Kein Stopp für Beach-Projekt Ludwig/Walkenhorst

Rio de Janeiro – Der Vier-Jahres-Plan geht auf: Die Beach-Girls Ludwig und Walkenhorst spielen in Rio um die Medaillen. Trainer und Olympia-Goldschmied Wagner hat an Stil, Taktik und auch Persönlichkeitsstrukturen seiner Schützlinge gearbeitet. Nun soll Brasilien die neue Energie spüren.

Nach dem historischen Halbfinal-Einzug gab es für Ludwig und Walkenhorst nur einen ganz kurzen Stopp an einer kleinen Bar mit dem kuriosen Namen «Ticketcenter». Das Ticket für das Endspiel im olympischen Beachvolleyball-Turnier wurde dort nicht verteilt, das müssen sich die Hamburgerinnen gegen die Top-Brasilianerinnen Larissa und Talita noch selbst erkämpfen.

Obwohl am Dienstag mehr als 10 000 einheimische Fans gegen das deutsche Nationalteam buhen und schreien werden, soll das Rio-Projekt Ludwig/Walkenhorst noch nicht enden. Das «schwierigste Spiel» ist mit dem 2:0 im Viertelfinale gegen Kanada gewonnen, sagte Walkenhorst: «Jetzt dürfen wir noch zwei Spiele machen mit der Chance, eine Medaille zu holen.» Es wäre die erste Olympia-Plakette für die deutschen Beach-Damen überhaupt. Ludwig ergänzte: «In den vergangenen Monaten haben wir bewiesen, dass wir gut spielen können.»
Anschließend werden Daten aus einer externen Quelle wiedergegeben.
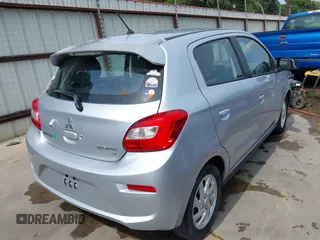 2017 Mitsubishi Mirage SE z VIN ML32A4HJ4HH002795, wystawiony jako IAAI lot #42063244 z przebiegiem 111 378 mil mil oraz . Historia ofert i sprzedaży dostępna na DreamBid. Obrazek 4.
Die erfahrene Abwehrspielerin, die im Sand schon vier EM-Titel sowie sechs deutsche Meisterschaften gewonnen hat und in Rio bereits ihre dritten Olympischen Spiele erlebt, präsentiert sich mit 30 Jahren sogar besser denn je. Und das hat eben mit jenem Projekt zu tun.

2013 sicherte sich Laura Ludwig nach dem Karriereende ihrer langjährigen Partnerin Sara Goller Deutschlands größtes Blocktalent Walkenhorst für ein gemeinsames Team. Zudem übernahm Trainer Jürgen Wagner, der 2012 in London Julius Brink und Jonas Reckermann zu Olympiasiegern gemacht hatte, den Chefposten. «90 Prozent von dem, was wir heute spielen, hatten wir vor vier Jahren im Kopf», sagte Wagner nun an der berühmten Copacabana.

Walkenhorst (25) und Ludwig vertrauen den Plänen des Trainers (60), der aber auch «viel auf Eigeninitiative» setzt, wie Abwehrspielerin Ludwig betonte. «Die Basistaktik wird vorgegeben, die müssen wir an die einzelnen Situationen anpassen. Wir müssen immer in Handlung bleiben», nannte es die gebürtige Berlinerin: «Das wurde uns in den vier Jahren eingebläut. Das mussten wir lernen.»

Der stabile Erfolg hat sich im Olympia-Jahr eingestellt. Vier Turniersiegen auf der Welttour und dem EM-Titel folgte nun der Einzug ins Halbfinale von Rio. Seit Beachvolleyball 1996 olympisch wurde, hat das zuvor kein europäisches Team geschafft. «Ich genieße Leistungen. Und ich genieße, dass wir diese Leistung jetzt hier auf den Punkt abrufen. Das macht mich schon stolz», sagte der Trainer.

Ludwig musste bei Wagner Beachvolleyball quasi neu erlernen. «Es gab keinen Tag, an dem mein Kopf nicht geraucht hat», erinnerte sich die Wahl-Hamburgerin. Bei Walkenhorst arbeitete der Stab mit Wagner, Balltrainerin Helke Claasen und Mentaltrainerin Anett Szigeti auch an Persönlichkeitsstrukturen. «Es ging am Anfang gar nicht, dass sie offen über Themen reden konnte. Das hat sich total verändert. Sie hat einen riesen Schritt gemacht», bescheinigte Wagner der Blockerin.

Der Chefcoach strahlt in Rio viel Ruhe aus. «Ich bin davon überzeugt, dass ich weiß, wie ich es machen muss. Es scheint zu funktionieren», sagte Wagner: «Die Arbeit haben wir in den vergangenen Jahren gemacht. Hier kann ich nur noch ein bisschen steuern.» Laura Ludwig wollte sich mit einem Fazit des gemeinsamen Projekts noch gar nicht beschäftigen: «Wartet doch mal ab, wir spielen doch noch.»